Step 4 of the instructions adds the spare wheel cover (parts A14 and B1) on the lid of the trunk, the rear license plate (part A13) and the grille (part B3). Since I was building a Wermacht vehicle with the grille the same color as the body, I fitted the grille in place according to the instructions. If you choose to model a civilian vehicle with a chrome grille however, I recommend leaving part B3 separate until after painting, then fixing it in place with super-glue or even PVA (Elmer’s Glue for us Murkins).
I placed all the completed sub-assemblies on a piece of card, anchored down with a loop of masking tape, and primed them in flat black with Citadel Chaos Black acrylic applied from a spray can. This is by far the most efficient way to prime your models, and the paint is very thin so it does not mask detail. It doesn’t mask surface blemishes either, so examine your model after spraying to ensure that you’ve cleaned up any mold seams or sprue separation points.
The instructions direct you to paint the interior and the seats in XF-55 Deck Tan, and this color is certainly evident in color photographs of restored vehicles. I chose to follow the instructions, thinning the paint 1:1 with Windex and applying it with my trusty Aztec airbrush. Photographs show the floor and firewall in a darker brown, so I used ??? I painted the dashboard with X-18 semi-gloss black as indicated in the instructions, but a number of photographs of civilian vehicles show it painted a pale tan, so use XF-55 if you prefer.
After masking the interior, I sprayed the outer body shell, front fenders, front and rear bumpers and the wheels with Tamiya XF-63 German Grey. I used a fine brush to paint the windshield frame and wipers in the same color.
The tires received a coat of Gunze Sangyo Tire Black applied with a brush. I also picked out the rear tail light with Citadel’s Mithril Silver followed by a blob of Tamiya Clear Red.
The kit provides markings for four vehicles:
- A field gray vehicle from the Luftwaffe 8th Air Corps on the Eastern Front.
- A field gray vehicle from the engineering company of the Wermacht’s 112th Infantry Division on the Eastern Front. This vehicle retained its French civilian license plates even during its service with the Wermacht.
- An olive green vehicle of the French Army in 1939/40.
- A black French civilian example. Being a civilian vehicle of course, you can paint it whatever color you wish, provided you are willing to take liberty with the license plate.
The markings are provided on a small waterslide decal sheet. The carrier film is commendably thin and the decals are all in register.
As already noted, I chose option B, since I have a diorama concept in mind for this model. There is a photograph on page 50 of Tankograd Soviet Special No. 2001 KV-2 depicting a disabled KV-2 with a Wehrmacht passenger car parked nearby, and the crew of the car posing for the picture. The car is a Wander W23, not an 11CV, and the unit is the 183rd Infantry Division rather than the 112th, but I intend to exercise some artistic license.
The kit decals settled down well under a coat of Gunze Sanyo’s Mr Mark Softer, though the divisional and tactical insignia on the fenders needed several coats to get them to conform to the compound curves of the surface.

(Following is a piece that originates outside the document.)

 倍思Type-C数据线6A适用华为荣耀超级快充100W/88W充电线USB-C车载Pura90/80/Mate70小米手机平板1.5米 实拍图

After painting was complete, I added the windows and the windshield to the body shell using PVA glue, and fixed the body to the chassis floor. I slipped the rear axle into position, and glued the wheels in place. Voila!
This is a nice little kit that builds up easily into a nice model. It is a very quick build and the model took me approximately 3 hours to complete, not including the drying time for the paint. I highly recommend it to a beginner, to those looking for a second model for a diorama, or for someone simply looking for a nice, quick and enjoyable project.
....oh, and I'll echo my comments from the "first look" review...please please PLEASE Tamiya, release this kit in 1/35 scale. You will sell a gazillion of them for French, German and even late-war British and American dioramas.